KK: What up, fellas?
Sloan: Kyle, could you please remove the sunglasses and spit out the gum. We try to act like professionals in our meetings.
KK: No problem, Jerry.
(Carlos Boozer shakes his head and looks at the floor.)
Sloan:
What did you just call me, son?
KK: Jerry?
Sloan: Guys, on the court. NOW!

(The team returns to the locker room, 30 minutes and 100 suicides later)

Sloan:
Let's start over. Kyle here is going to give us some insight into Philadelphia's game plan. Pay attention. I'm looking at you Memet. Get your head out of your ass or you'll follow your countryman right out the door.
Okur: (under his breath) I'm from Turkey you anüs.
Sloan: Excuse me? I couldn't hear you Memo.
Okur: Nothing sir.
KK: I'm sorry sir, did you say game plan?
Sloan: Yes. Did you manage to sneak a playbook out with you?
KK: Playbook?
Sloan: Yes, you know. A bunch of pages with plays written on them bound together. A book full of plays.
KK: Wait, you guys actually use those? I thought that was a college thing. I have my Creighton play book.
Sloan: (shaking his head) Jesus, son. How did you guys know what plays to run?
KK: Plays?
Sloan: OK, let me try to make this a little bit easier for you, how did you know what to do on the floor?
KK: Well, up until about a year ago, I'd just stand out there on the floor and wait for Iverson to pass me the ball.
Sloan: And since then?
KK: Well, since we, err, I mean they, got Miller, I'd just run around and try not to get hit in the face with a pass.
Sloan: And the rest of the team? What did they do?
KK: Well, it kinda depends on who was on the floor.
Sloan: Care to elaborate?
KK: Well, if Reggie Evans is on the floor, then the other four guys basically play keep away from him. It sucks to be out there with him, it's like playing 4 on 6. Same thing with Rodney Carney.
Sloan: Hold on son. Those guys both start. You're telling me the offensive philosophy Maurice Cheeks is following involves keeping the ball away from two starters at all times?
KK: Heck no. He runs plays for them. You didn't ask what Cheeks told us to do, you asked us what we did out there.
Sloan: Son, I'm not following you here. Are you telling me there was systematic insubordination in Philadelphia?
KK: I don't really know what insomboredomenation is, but we'd basically just pretend to try to get the ball to them, then swing the ball to the other side of the floor.
Sloan: God, I have to get a job coaching in the East.
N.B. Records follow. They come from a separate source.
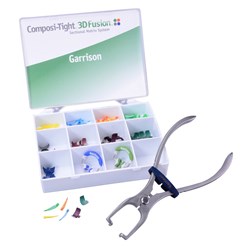 Garrison Composi-Tight 3D Fusion Matrix Kit - Includes 2 Rings and Forceps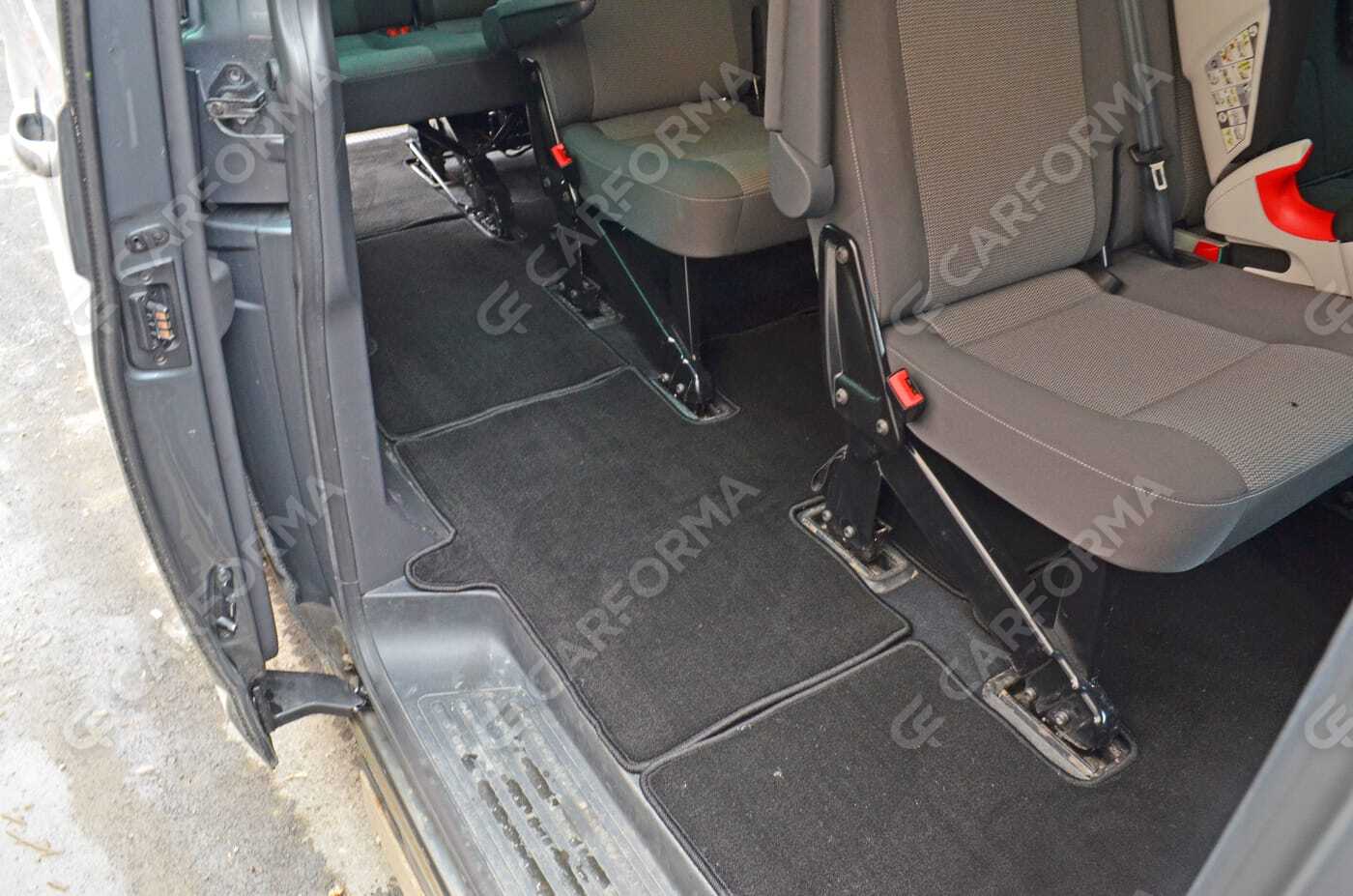 EVA коврики на Volkswagen Caravelle (T6.1) 2019&nbsp;-&nbsp;2024 в Череповеце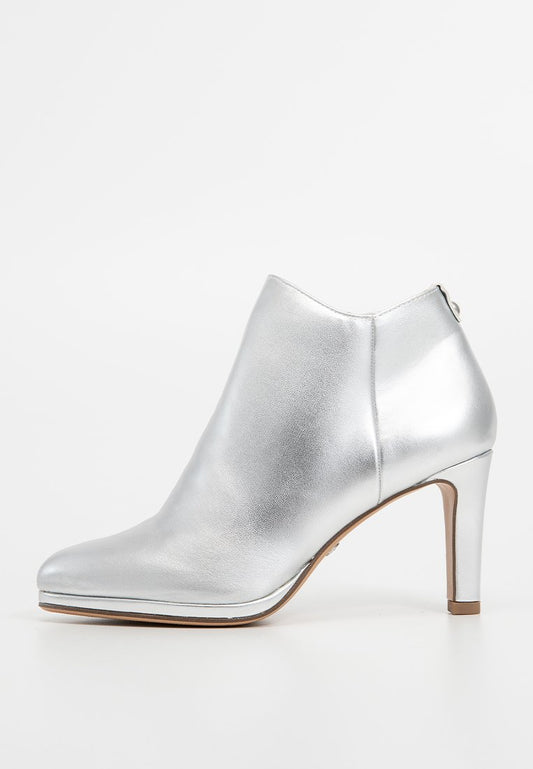 Tamaris Heeled Boot Silver-Coloured (ZZO2Q2812-D00) Women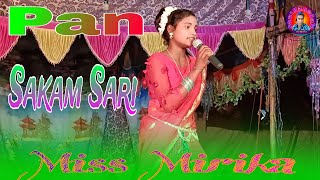 Pan Sakam Sari  Mirika  Jatra Santali Video Song  New Murmu Opera 2024 [upl. by Ahsiket]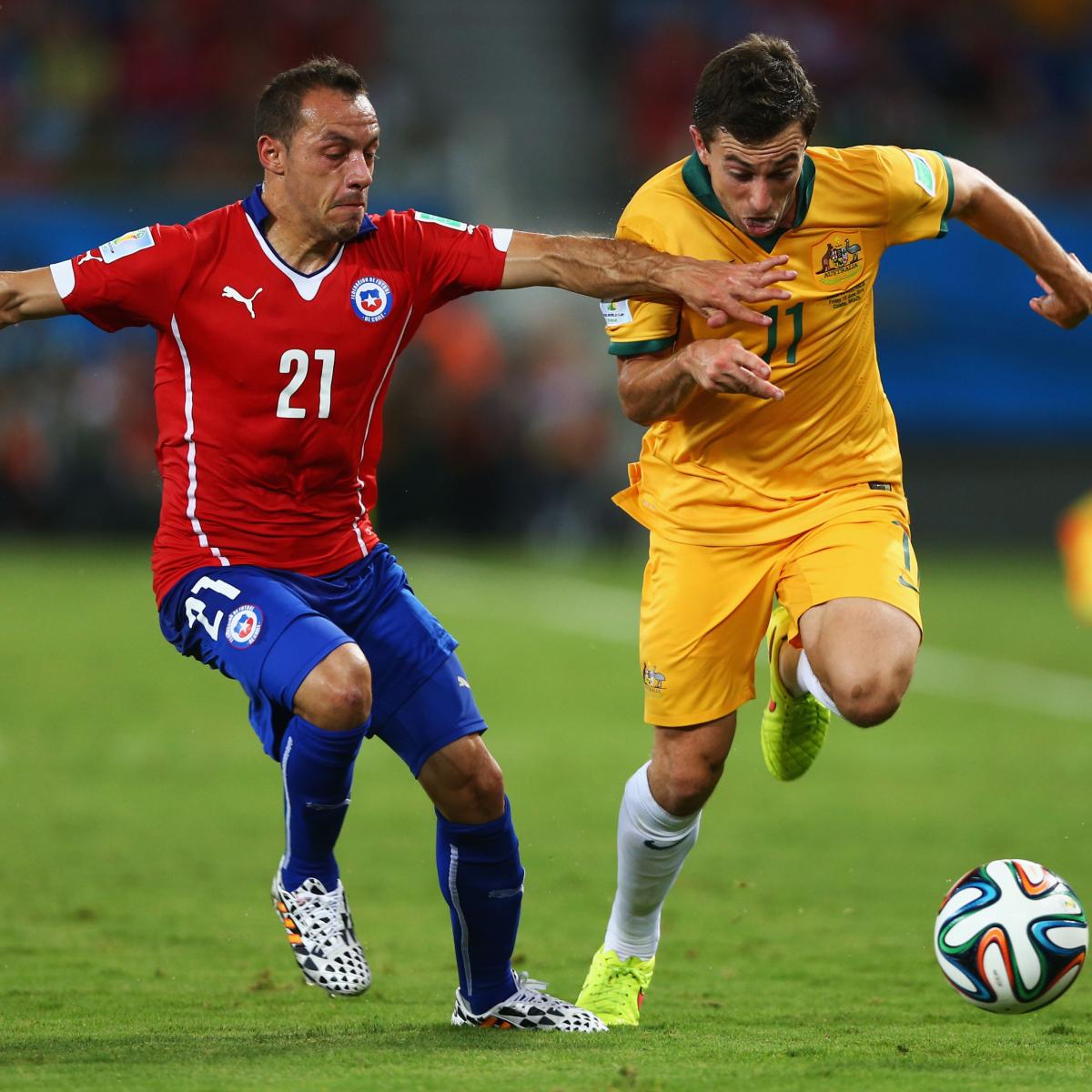 australia vs netherlands world cup 2014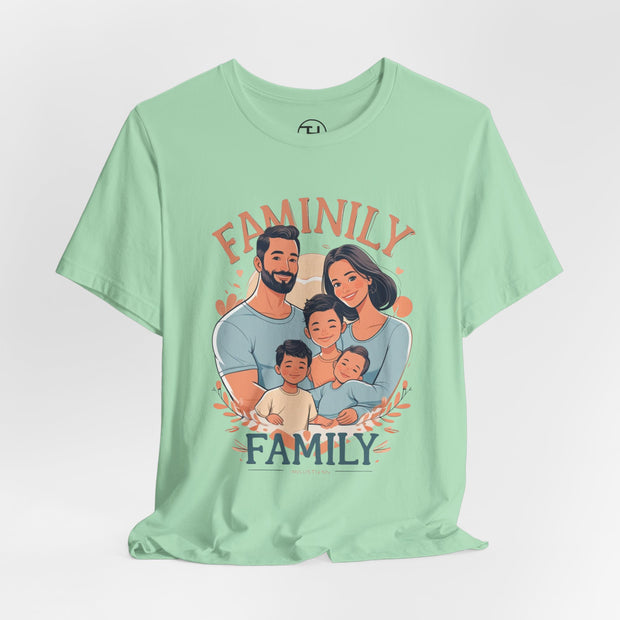 Family Love Unisex T-Shirt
OK, let's take another angle. What type of defense gave you guys the most trouble.
KK: Have you ever heard of the triangle and two defense.
Sloan: Of course.
KK: Well, they sorta played that defense, but the reverse. They just wouldn't guard Carney or Evans, their men would double the guys who could actually score once in a while.
Sloan: How the hell did you guys ever score?
KK: Oh, once those guys are out of the game, it was really easy to score. Miller and Iguodala can fit a pass in anywhere, and they just take turns taking over the game. When they get tired, Lou Williams comes in and lights it up. The key was to only be down by 10 or so points by the time Evans and Carney sat down. 10 points is nothing for the rest of the team. Of course, then they'd dig another hole for us at the beginning of the third, but Mo almost never plays them in the fourth, so sometimes we could pull it out in the end.
Sloan: So you're saying the best thing we can do is make sure Evans and Carney don't get into foul trouble?
KK: Well, yeah. That and start me. I mean, Carney will be "guarding" me, so I'll be wide open, like taking candy from a baby. Just play me when Carney is in there and this one's a lock!
Sloan: Kid, you've got a lot to learn. We're done here.
KK: Awesome, hey what's the nightlife like in Salt Lake City? Any strip clubs near the arena?
AK47: кретин.

The Sixers face the Jazz and their old friend Kyle tonight. They're looking to go 3-1 on their current 6-game left-coast swing. For Jazz coverage, check out The Salt Lake Tribune. (Jesus, I couldn't find one active, independent Jazz blog. That's just sad). Tip-off is 9:00 p.m.